Posted by Racer on July 20, 2001, at 23:28:04

OK, really bad day. Highlight: falling down in the parking lot at work and skinning my knee. Lots of pain in swollen knee, huge lacerations to my pride.

THEN, I get to a lesson which should include at least two instructors, because the kids are such beginners, and find I'm the only one there with a schitzy horse -- the one with the rider who's so tiny her legs don't reach the bottom of the saddle flap!

I do the only thing I can think of to do: send a kid to find another instructor, or, if no one will come, get an ADULT helper to come help. Needless to say, none of the other instructors are willing to come. I get the adult helper, who is not an expert with horses. Big deal, she's an adult, and won't let the kid get hurt.

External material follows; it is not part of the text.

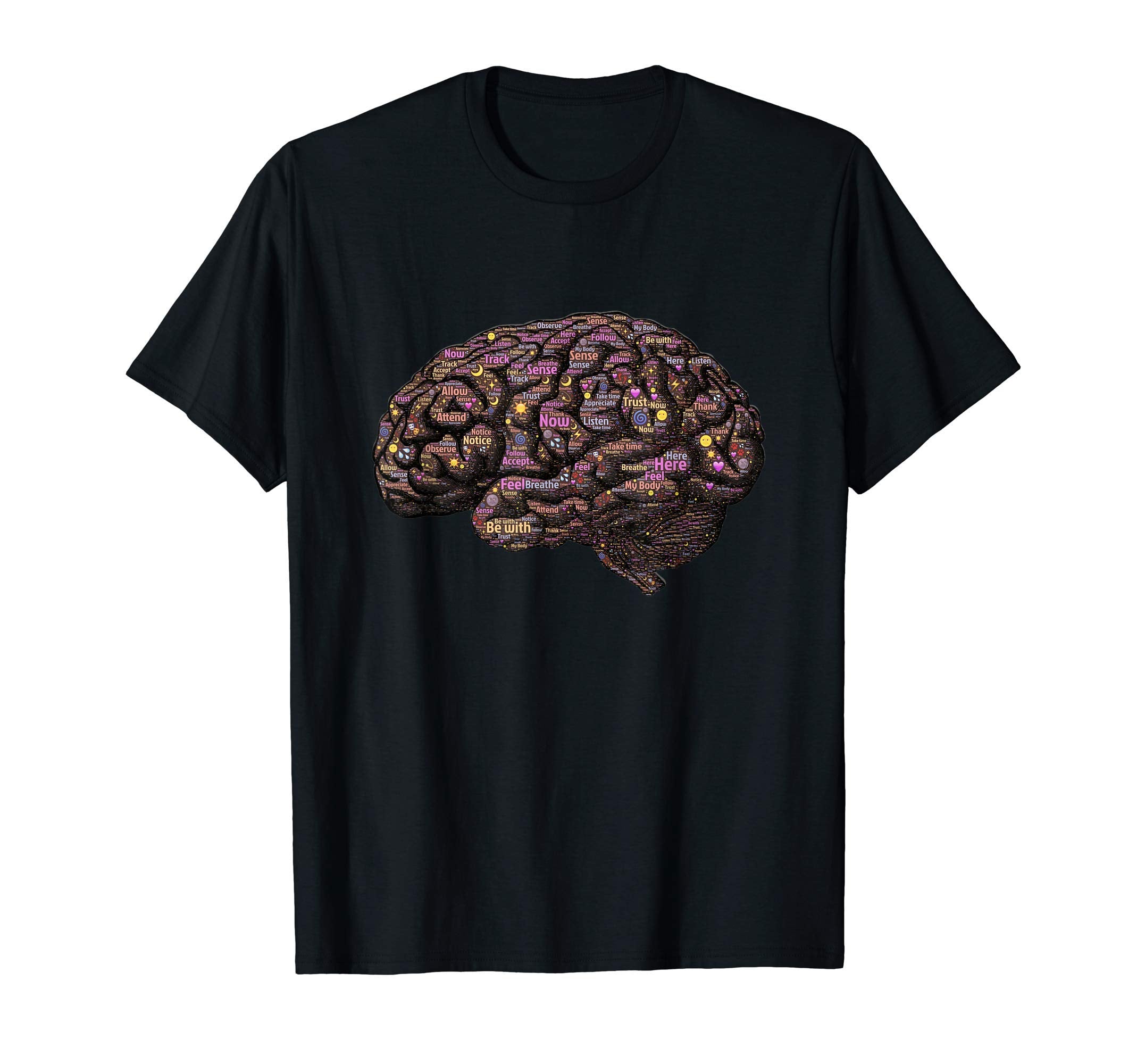 Mindfulness Be Present Moment T-Shirt - Minimalist Print Men Women - T-Shirt, Sweatshirt, Hoodie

Well, another instructor then comes by, yells at me for letting the helper lunge the kid on the horse, and tells me to put the horse on the rail with everyone else! I say, "No way."

Now I'm mixed between fury, that someone would come by and yell without asking the circumstances; and terror that I'll lose my job for doing something wrong.

Bottom line is that I'm spinning. Not because I think I did the wrong thing. I know I did the wrong thing, but I also know that it was the only safe and acceptable wrong thing to do in those circumstances. The problem is that I just don't know what the best wrong thing to have done would be. And, of course, I don't know how to assert myself in that situation safely. Nor how to let the other instructor's comments slide by calmly, secure in the knowledge that I did the safest thing available to me at that time.

So, someone tell me the definitive answer. Tell me how to be perfect so that I never have to go through this again. Shouldn't be hard, right? After all, it's only all my life rising up inside me telling me that I MUST, by definition, be wrong, and the really homely thirteen year old girl inside me cowering in front of the truly beautiful, thin, rich and confident girl telling me I'm wrong.

Oh, and mind you, I'm in my late thirties, and this chick was about twenty. Not that personal insecurities have anything at all to do with this. (But don't worry if you're younger than I and hope that age brings increased confidence around cute young women. It doesn't, there's always that inner 13 year old!)